The Inflation Reduction Act: How should the EU react?

Joint Statement of the Council of Economic Analysis (CAE) and the German Council of Economic Experts (GCEE) and the Franco-German Council of Economic Experts (FGCEE)

Authors are:
Camille Landais, Sébastien Jean, Thomas Philippon, Aurélien Saussay, CAE
Monika Schnitzer, Veronika Grimm, Ulrike Malmendier, Achim Truger, Martin Werding, GCEE

Summary

The Inflation Reduction Act (IRA), enacted in 2022, aims at promoting the production and adoption of clean energy in the United States, fostering job creation, and effectively addressing competitive pressures from China. This ambitious response of the US to the issue of climate change is welcome. Yet, the IRA’s local content requirements have drawn criticism because they conflict with principles outlined by the World Trade Organization (WTO). Moreover, the IRA creates economic distortions in foreign direct investment

and might prompt European companies to relocate their operations to the United States. The IRA has stirred a strong debate about the future of European industrial policy because it poses new and fundamental challenges and demands careful rethinking of European industrial strategy. The conundrum is the following: how can Europe manage its Green Transition while strengthening its economic and strategic resilience, preserving jobs

and productivity growth, and maintaining European solidarity and international coordination?
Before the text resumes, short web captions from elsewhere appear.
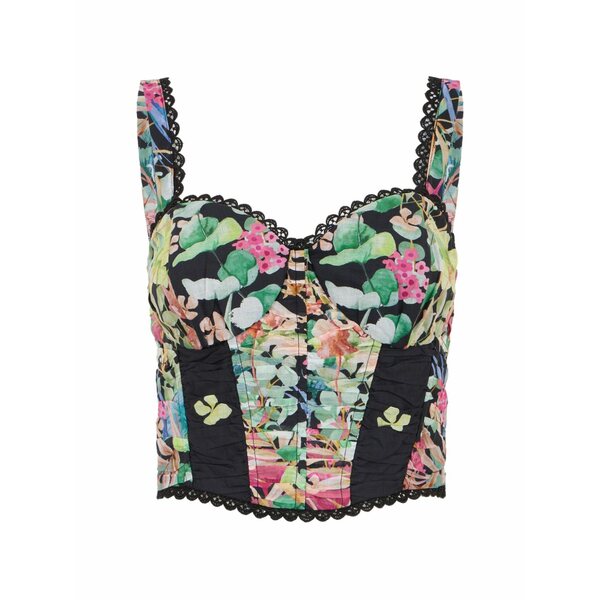 チャロ ルイス イビザ レディース プルオーバー トップス Sylva floral-print top Black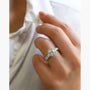 Kobelli 1.9ct Moissanite and 1-1/3ct Diamond Ring, 3 1/4ct TCW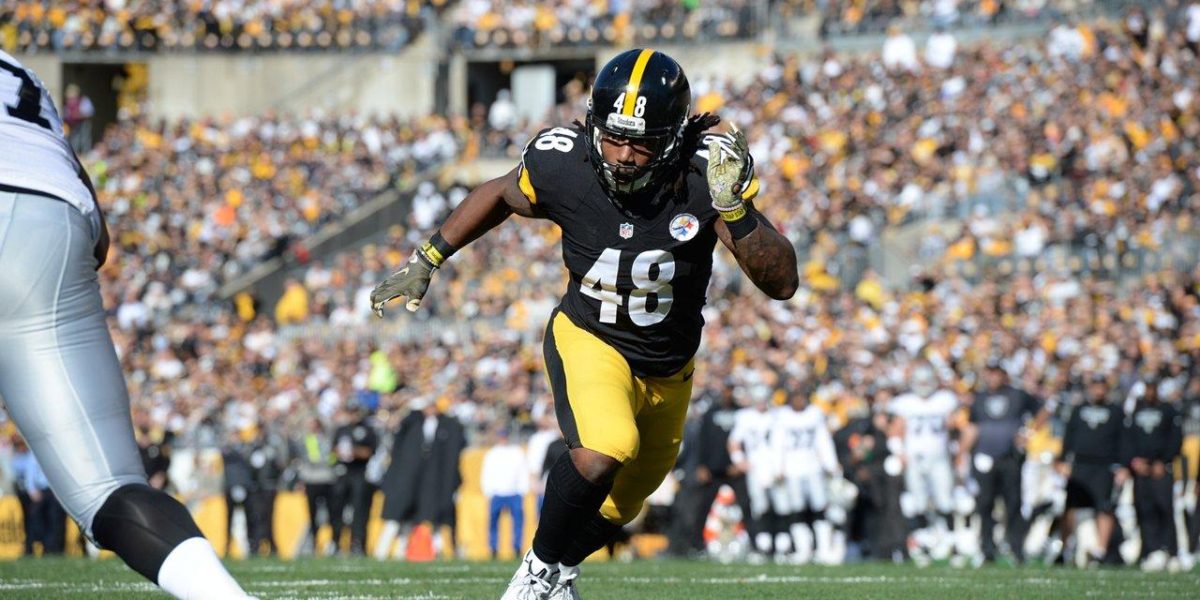 Pittsburgh Steelers linebacker Bud Dupree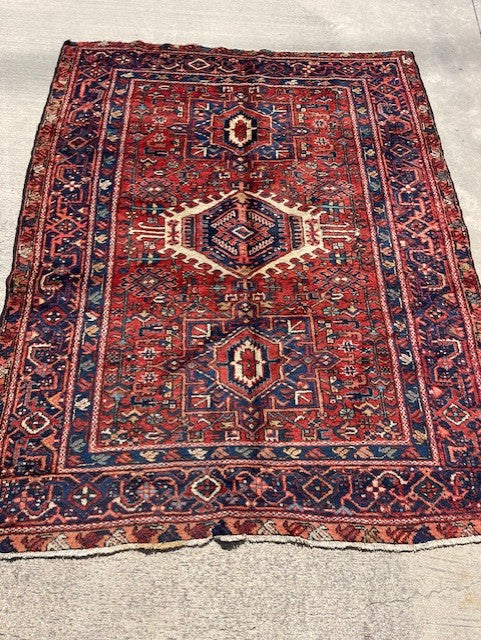 Vintage N.W. Persian Kharaja village Rug
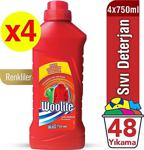 Woolite Canlı Renkler 4X750 Ml Sıvı Çamaşır Deterjanı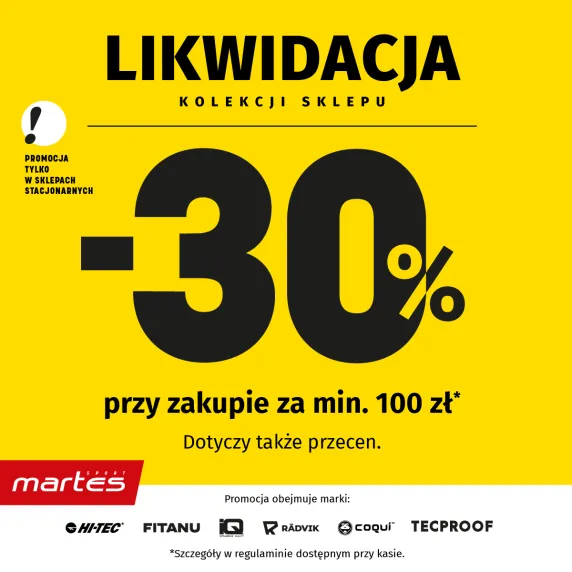 Czarny napis na żółtym tle.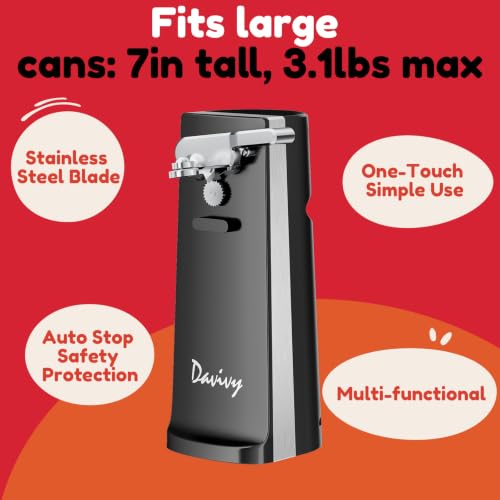 Electric Can Opener (Black)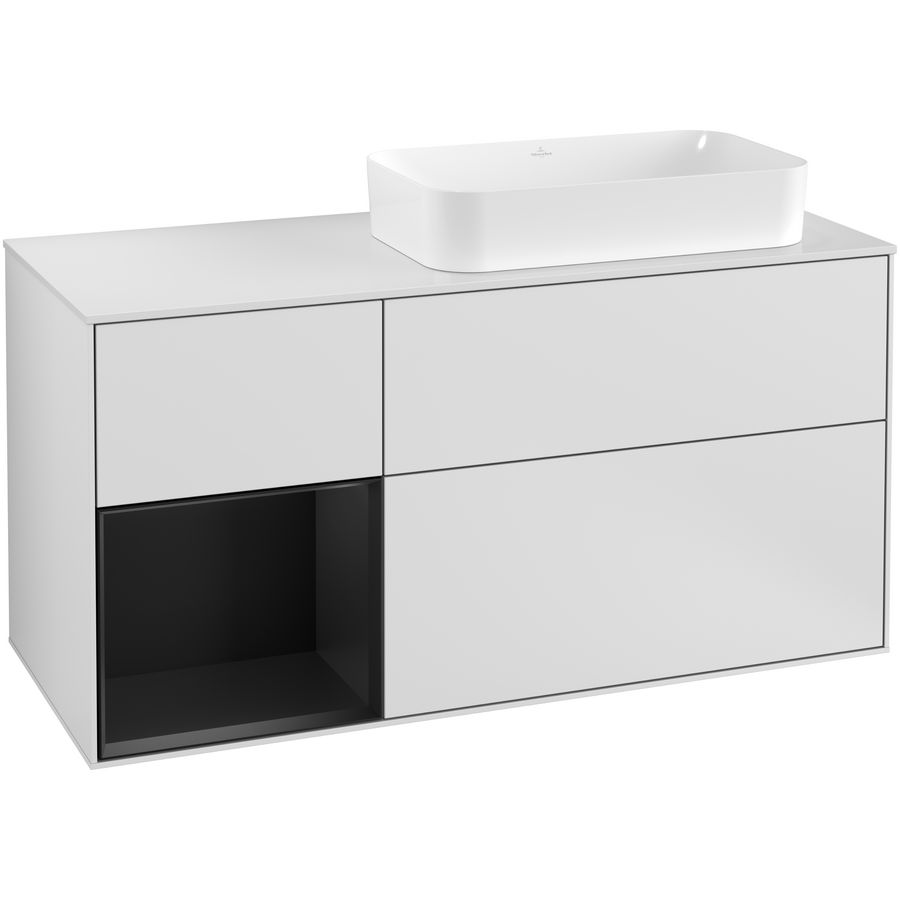 Wastafelonderkast Finion 1200x603x501mm White Matt Lacquer F271PDMT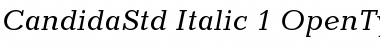 Candida Std Italic Font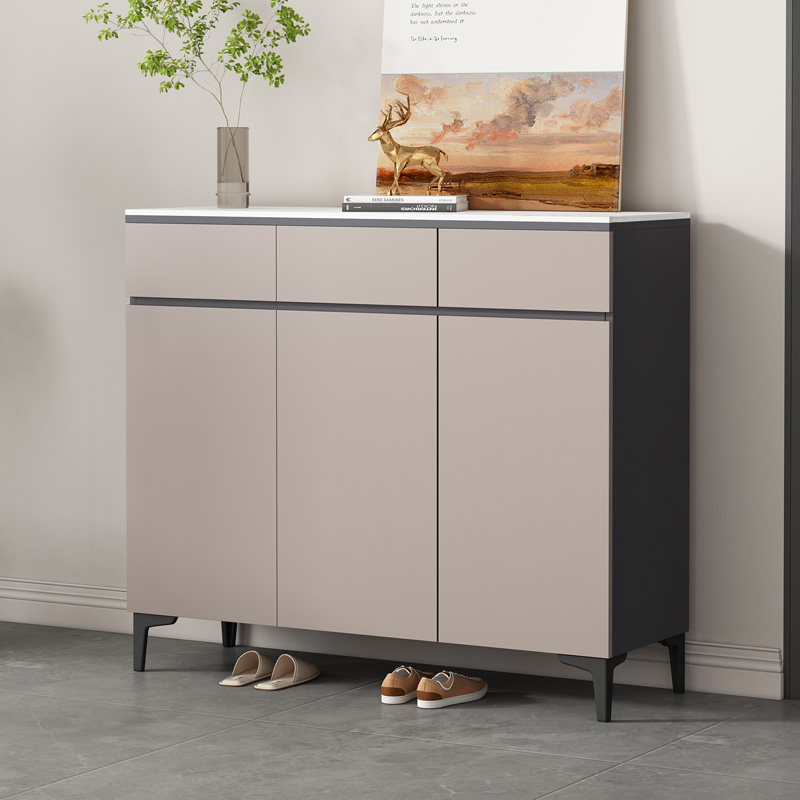 蜂窝铝鞋柜岩板简约入户家用门口室内一体靠墙玄关柜子储物柜定制,住宅家具,鞋柜,淘宝优惠券,粉丝福利购,淘宝优惠卷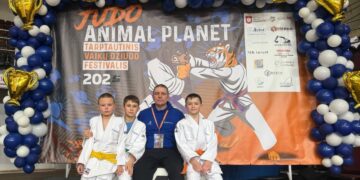 Simas ir Mantas Beloded tarptautiniame dziudo festivalyje „Judo Animal Planet 2025“ tapo vicečempionais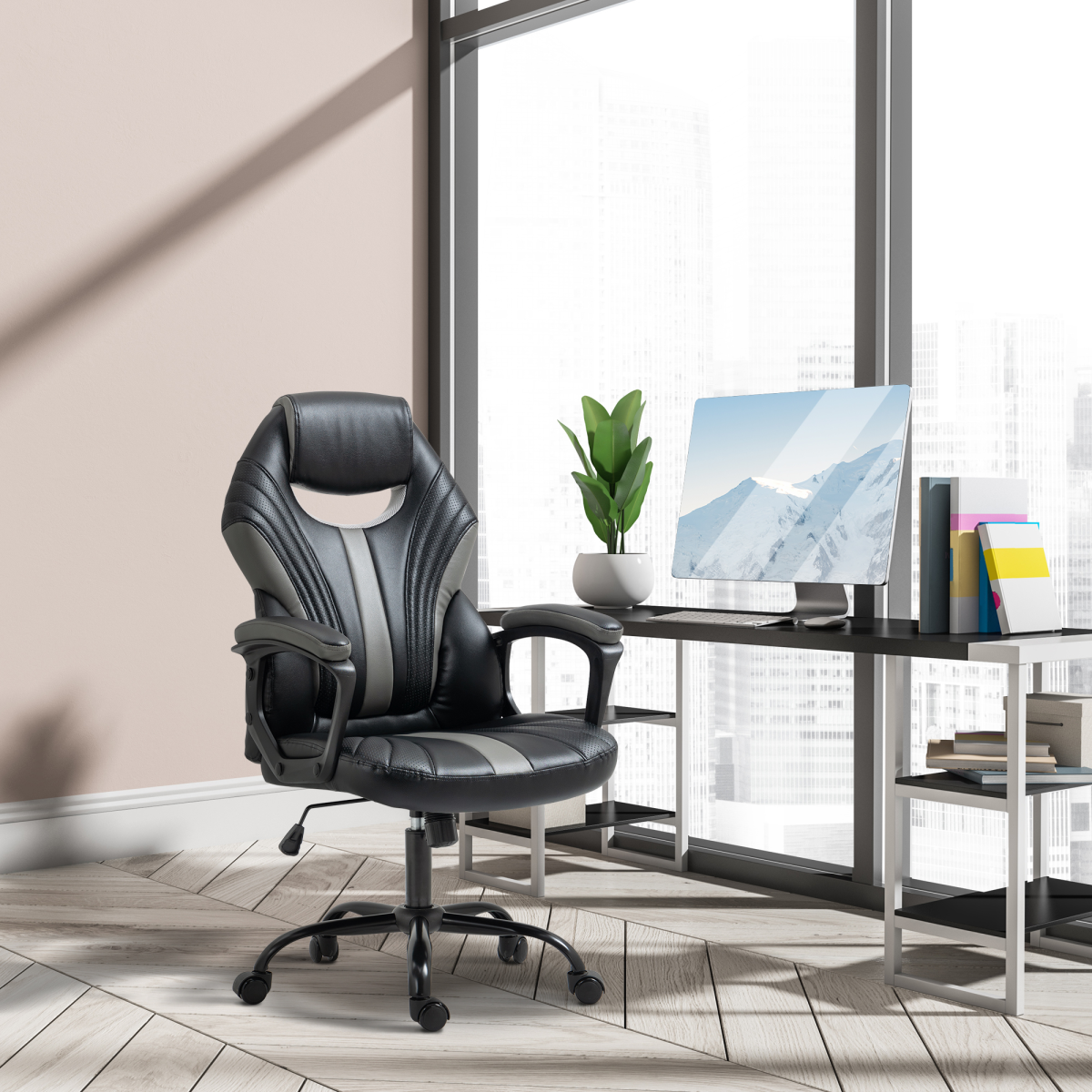 Vinsetto Racing Gaming Chair - Ergonomic Comfort with Style & Swivel Mobility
The IRA in itself is small, and so will be its aggregate macroeconomic effects

Assessing the precise financial implications of the IRA poses a considerable challenge. Estimates range from $390 to $900 billion for the period from 2023 and 2031. At the same time, it is clear that

(i) the overall funding level of the various programs the EU has already initiated to meet climate targets and facilitate the green transition is comparable to the IRA, and

(ii) the subsidies under the IRA are expected to exert minimal overall macroeconomic impact on both the US and the EU.

While specific industries may have greater incentives to invest in the US rather than the EU under this new framework, a closer examination at the sectoral level fails to yield evidence linking the IRA to significant risks for the EU. In this context, a subsidy race should be avoided with the US as well as within the EU.

But the IRA should nevertheless force a rethink of European industrial policy doctrine

The IRA revolves primarily around providing production and investment subsidies, many of which are uncapped. We highlight that this strategy will be inefficient to address the challenges of decarbonization. The European policy mix, which involves both carbon pricing and dedicated industrial intervention, is clearly a superior approach. At the same time, Europe should learn from the simplicity and expediency of the IRA approach. It should be a priority to simplify and expedite European procedures. Aid should be concentrated on sectors for which EU countries either currently possess or can be anticipated to develop comparative advantages, resulting in substantial environmental and technological externalities.

Expand energy supply to reduce energy price differentials

Rather than the IRA itself, it is the existing and sizeable energy price differentials that are likely to substantially impact Europe's attractiveness and the competitiveness of its industries. Therefore, concerted endeavors to reduce energy prices within Europe are of paramount importance. It is key to accelerate the deployment of renewable energy sources in order to strengthen energy supply.

In the realm of conventional power generation, Germany and France have adopted different strategies. We advocate for mutual support, particularly by designating both nuclear power plants and hydrogen-capable gas power facilities as transitional technologies on the path to climate neutrality within the EU taxonomy. Moreover, both countries stand to gain from intensified collaboration in expanding Europe's electricity and hydrogen infrastructure. The reform of European electricity markets should also be a central tenet of any European Green Industrial policy, with the wholesale market as the main instrument for coordinating power generation dispatch.

Secure raw material supplies, strengthen trade agreements and international cooperation

Finally, we recommend securing raw material suppliers and strengthening international cooperation through trade agreements and incentives to build domestic capacities. Rather than a complaint to the WTO with little chance of success, we believe that it would be more efficient to cooperate with the U.S. on rules about subsidies linked to environmental protection, in a framework that might be shared with a number of partners, such as border adjustment agreements linked to environmental protection, on methane emissions for instance.